►

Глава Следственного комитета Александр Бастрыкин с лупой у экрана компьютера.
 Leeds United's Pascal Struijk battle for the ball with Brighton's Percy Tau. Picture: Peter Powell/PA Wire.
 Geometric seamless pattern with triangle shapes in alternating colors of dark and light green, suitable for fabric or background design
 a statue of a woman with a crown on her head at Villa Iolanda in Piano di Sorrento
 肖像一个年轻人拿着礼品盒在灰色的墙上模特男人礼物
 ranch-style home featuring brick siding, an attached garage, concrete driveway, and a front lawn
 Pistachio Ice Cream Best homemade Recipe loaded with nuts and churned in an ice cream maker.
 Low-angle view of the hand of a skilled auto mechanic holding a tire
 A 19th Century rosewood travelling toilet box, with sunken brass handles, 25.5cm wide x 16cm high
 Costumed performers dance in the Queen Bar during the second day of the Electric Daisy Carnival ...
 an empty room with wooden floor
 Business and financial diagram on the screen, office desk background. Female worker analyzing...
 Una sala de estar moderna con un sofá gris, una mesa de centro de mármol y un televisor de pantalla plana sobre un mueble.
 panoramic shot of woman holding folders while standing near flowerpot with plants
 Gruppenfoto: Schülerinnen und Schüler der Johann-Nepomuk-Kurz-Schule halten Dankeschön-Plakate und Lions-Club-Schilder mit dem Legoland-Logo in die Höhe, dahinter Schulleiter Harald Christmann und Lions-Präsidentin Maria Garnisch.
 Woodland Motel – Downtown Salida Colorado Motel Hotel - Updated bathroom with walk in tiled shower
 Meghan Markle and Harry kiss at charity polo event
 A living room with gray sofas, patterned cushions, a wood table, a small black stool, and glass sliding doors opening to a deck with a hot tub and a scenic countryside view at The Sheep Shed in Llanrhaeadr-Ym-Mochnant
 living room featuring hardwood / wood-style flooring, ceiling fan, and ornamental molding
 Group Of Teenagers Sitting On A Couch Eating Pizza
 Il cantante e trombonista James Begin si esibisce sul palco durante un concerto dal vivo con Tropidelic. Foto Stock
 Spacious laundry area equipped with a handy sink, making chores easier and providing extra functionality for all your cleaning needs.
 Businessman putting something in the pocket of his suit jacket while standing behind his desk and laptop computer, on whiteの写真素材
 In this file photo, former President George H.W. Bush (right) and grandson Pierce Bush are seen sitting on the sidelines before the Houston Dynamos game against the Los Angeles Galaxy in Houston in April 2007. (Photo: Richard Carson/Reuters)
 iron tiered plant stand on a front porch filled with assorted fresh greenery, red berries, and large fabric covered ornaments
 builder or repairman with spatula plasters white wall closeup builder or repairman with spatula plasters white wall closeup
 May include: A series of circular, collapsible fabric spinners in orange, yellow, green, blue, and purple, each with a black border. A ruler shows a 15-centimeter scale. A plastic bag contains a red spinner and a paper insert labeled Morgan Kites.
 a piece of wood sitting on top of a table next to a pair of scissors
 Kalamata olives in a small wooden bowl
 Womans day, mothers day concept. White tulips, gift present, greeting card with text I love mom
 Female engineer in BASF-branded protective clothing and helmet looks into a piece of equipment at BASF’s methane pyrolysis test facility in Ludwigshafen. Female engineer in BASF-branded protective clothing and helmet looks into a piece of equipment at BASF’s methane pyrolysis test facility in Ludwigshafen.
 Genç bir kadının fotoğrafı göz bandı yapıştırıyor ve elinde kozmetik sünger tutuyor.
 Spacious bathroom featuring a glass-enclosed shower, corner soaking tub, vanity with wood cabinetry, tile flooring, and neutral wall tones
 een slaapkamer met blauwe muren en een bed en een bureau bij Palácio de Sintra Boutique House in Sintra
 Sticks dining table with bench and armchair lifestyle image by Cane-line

◄

Give back every line of the data exactly as it was written.

Глава Следственного комитета Александр Бастрыкин с лупой у экрана компьютера.
 Leeds United's Pascal Struijk battle for the ball with Brighton's Percy Tau. Picture: Peter Powell/PA Wire.
 Geometric seamless pattern with triangle shapes in alternating colors of dark and light green, suitable for fabric or background design
 a statue of a woman with a crown on her head at Villa Iolanda in Piano di Sorrento
 肖像一个年轻人拿着礼品盒在灰色的墙上模特男人礼物
 ranch-style home featuring brick siding, an attached garage, concrete driveway, and a front lawn
 Pistachio Ice Cream Best homemade Recipe loaded with nuts and churned in an ice cream maker.
 Low-angle view of the hand of a skilled auto mechanic holding a tire
 A 19th Century rosewood travelling toilet box, with sunken brass handles, 25.5cm wide x 16cm high
 Costumed performers dance in the Queen Bar during the second day of the Electric Daisy Carnival ...
 an empty room with wooden floor
 Business and financial diagram on the screen, office desk background. Female worker analyzing...
 Una sala de estar moderna con un sofá gris, una mesa de centro de mármol y un televisor de pantalla plana sobre un mueble.
 panoramic shot of woman holding folders while standing near flowerpot with plants
 Gruppenfoto: Schülerinnen und Schüler der Johann-Nepomuk-Kurz-Schule halten Dankeschön-Plakate und Lions-Club-Schilder mit dem Legoland-Logo in die Höhe, dahinter Schulleiter Harald Christmann und Lions-Präsidentin Maria Garnisch.
 Woodland Motel – Downtown Salida Colorado Motel Hotel - Updated bathroom with walk in tiled shower
 Meghan Markle and Harry kiss at charity polo event
 A living room with gray sofas, patterned cushions, a wood table, a small black stool, and glass sliding doors opening to a deck with a hot tub and a scenic countryside view at The Sheep Shed in Llanrhaeadr-Ym-Mochnant
 living room featuring hardwood / wood-style flooring, ceiling fan, and ornamental molding
 Group Of Teenagers Sitting On A Couch Eating Pizza
 Il cantante e trombonista James Begin si esibisce sul palco durante un concerto dal vivo con Tropidelic. Foto Stock
 Spacious laundry area equipped with a handy sink, making chores easier and providing extra functionality for all your cleaning needs.
 Businessman putting something in the pocket of his suit jacket while standing behind his desk and laptop computer, on whiteの写真素材
 In this file photo, former President George H.W. Bush (right) and grandson Pierce Bush are seen sitting on the sidelines before the Houston Dynamos game against the Los Angeles Galaxy in Houston in April 2007. (Photo: Richard Carson/Reuters)
 iron tiered plant stand on a front porch filled with assorted fresh greenery, red berries, and large fabric covered ornaments
 builder or repairman with spatula plasters white wall closeup builder or repairman with spatula plasters white wall closeup
 May include: A series of circular, collapsible fabric spinners in orange, yellow, green, blue, and purple, each with a black border. A ruler shows a 15-centimeter scale. A plastic bag contains a red spinner and a paper insert labeled Morgan Kites.
 a piece of wood sitting on top of a table next to a pair of scissors
 Kalamata olives in a small wooden bowl
 Womans day, mothers day concept. White tulips, gift present, greeting card with text I love mom
 Female engineer in BASF-branded protective clothing and helmet looks into a piece of equipment at BASF’s methane pyrolysis test facility in Ludwigshafen. Female engineer in BASF-branded protective clothing and helmet looks into a piece of equipment at BASF’s methane pyrolysis test facility in Ludwigshafen.
 Genç bir kadının fotoğrafı göz bandı yapıştırıyor ve elinde kozmetik sünger tutuyor.
 Spacious bathroom featuring a glass-enclosed shower, corner soaking tub, vanity with wood cabinetry, tile flooring, and neutral wall tones
 een slaapkamer met blauwe muren en een bed en een bureau bij Palácio de Sintra Boutique House in Sintra
 Sticks dining table with bench and armchair lifestyle image by Cane-line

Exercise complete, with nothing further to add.